The Barnes Review
- Categories: Holocaust denial
- Frequency: Bimonthly
- Founded: 1994; 32 years ago
- First issue: 1994
- Country: United States
- Based in: Washington, D.C.
- Language: English
- Website: barnesreview.org
- ISSN: 1078-4799

= The Barnes Review =

Holocaust denial magazine

The Barnes Review (TBR) is a bi-monthly magazine founded in 1994 by Willis Carto's Liberty Lobby and headquartered in Washington, D.C. The magazine is "dedicated to historical revisionism and Holocaust denial."

The magazine was created by Carto after he was ousted by the Holocaust denial organization he had previously founded, the Institute for Historical Review. He created it as a competitor to the IHR's Journal of Historical Review.
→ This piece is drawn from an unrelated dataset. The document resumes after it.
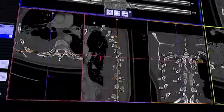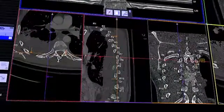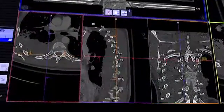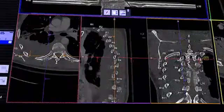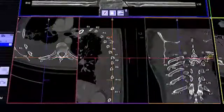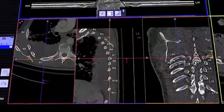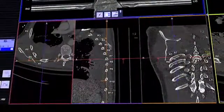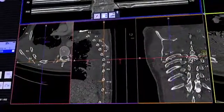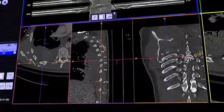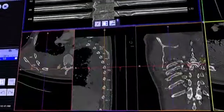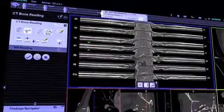As you move along the rib, the axial, sagittal, and coronal views are updated in real time. Thus, the detection of several fractures of the same rib is facilitated.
The magazine is named after the Holocaust denier Harry Elmer Barnes.

Linked with it is a TBR Bookclub, promoting what the SPLC describes as "a wide range of extremist books and publications". The organization also holds conferences with speakers such as Ted Gunderson. "Claiming that its mission is to 'tell the whole truth about history,' TBR really practices an extremist form of revisionist history that includes defending the Nazi regime, denying the Holocaust, discounting the evils of slavery, and promoting white nationalism", according to the SPLC. Eustace Mullins was a contributing editor.